Extended Data Fig. 2: Evaluating the performance of CNV normalization of Hi-C data by simulation.

The inputs in our simulation are Hi-C data in GM12878 (normal lymphoblastic cells) and K562 (chronic myeloid leukemia) cells, and the CNV profiles in K562 cells. a, Our algorithm learns the trans-/cis-scaling factors separately for all possible copy number pairs from K562 Hi-C data. The CNV effects of K562 are then imposed on GM12878 Hi-C by linearly transforming the signals with the factor of corresponding copy number pairs. The resulting simulated GM12878 Hi-C matrix with K562 CNV is highly similar to the original K562 Hi-C matrix. b, We applied ICE and the newly designed CNV normalization method in this project to the simulated matrix from Supplementary Fig. 2a (GM12878 Hi-C matrix with CNVs in K562).

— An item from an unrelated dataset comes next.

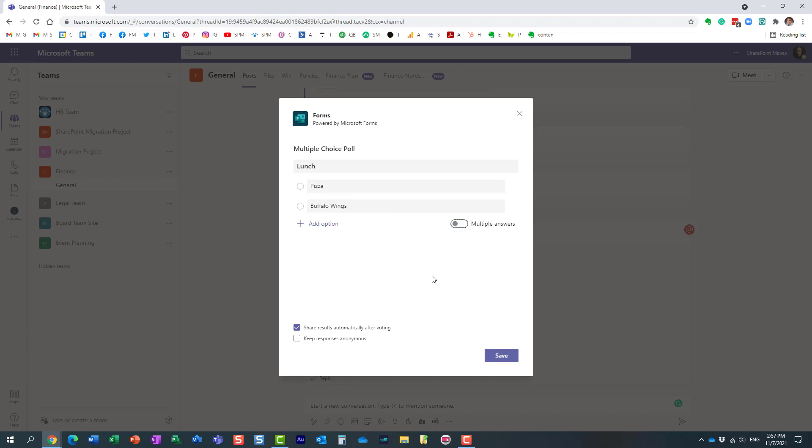All you need to do is click Save. There are a few additional options here where it automatically shares the results with your audience, with your team members. You can even keep responses anonymous so you never know who replied or how your users replied to your poll.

By visual inspection, the CNV normalized Hi-C is more similar to the original GM12878. c, We used HiCRep to calculate the Stratum-adjusted Correlation Coefficients (SCCs) between ICE normalized and CNV normalized matrix to the original GM12878 Hi-C data. The distributions of SCC scores are presented in box-and-whisker plots, where the box represents the interquartile range (IQR, Q3-Q1), the horizontal thick line represents the median, the upper whisker extends to the last datum less than Q3 + 1.5×IQR, and the lower whisker extends to the first datum greater than Q1-1.5×IQR. Each dot represents an individual chromosome.